What is required =>
Of all the entries below, retype only the lines from the one with "Willfteka Regular FONT" through the one with "Atomberg Studio Plus", exactly as they appear.

Entries provided =>
=== Section Start ===

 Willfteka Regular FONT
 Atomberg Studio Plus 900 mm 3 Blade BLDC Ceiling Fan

=== Section End ===
=== Section Start ===

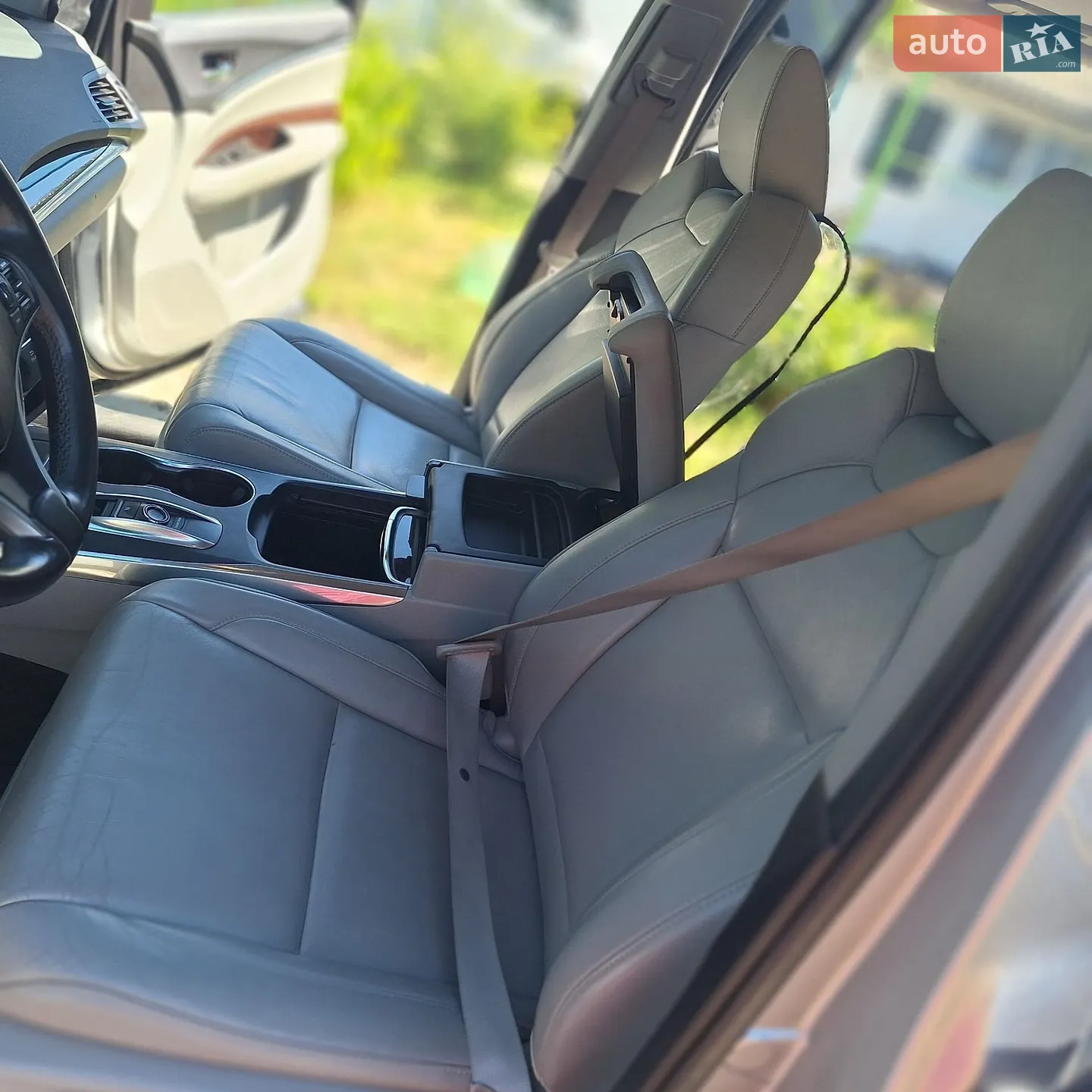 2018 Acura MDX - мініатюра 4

=== Section End ===
=== Section Start ===

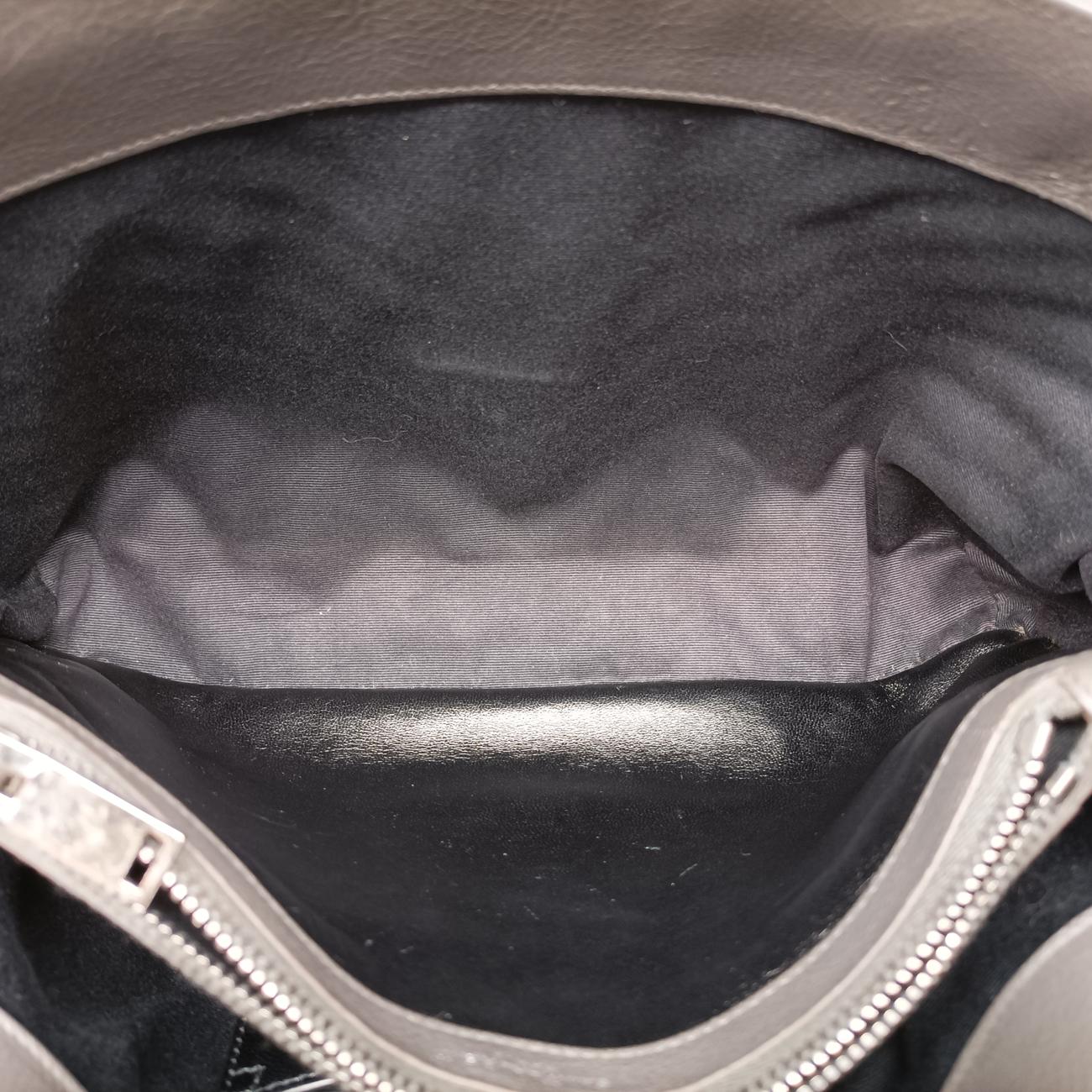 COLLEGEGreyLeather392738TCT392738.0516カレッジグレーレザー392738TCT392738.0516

=== Section End ===

Written answer =>
 Willfteka Regular FONT
 Atomberg Studio Plus 900 mm 3 Blade BLDC Ceiling Fan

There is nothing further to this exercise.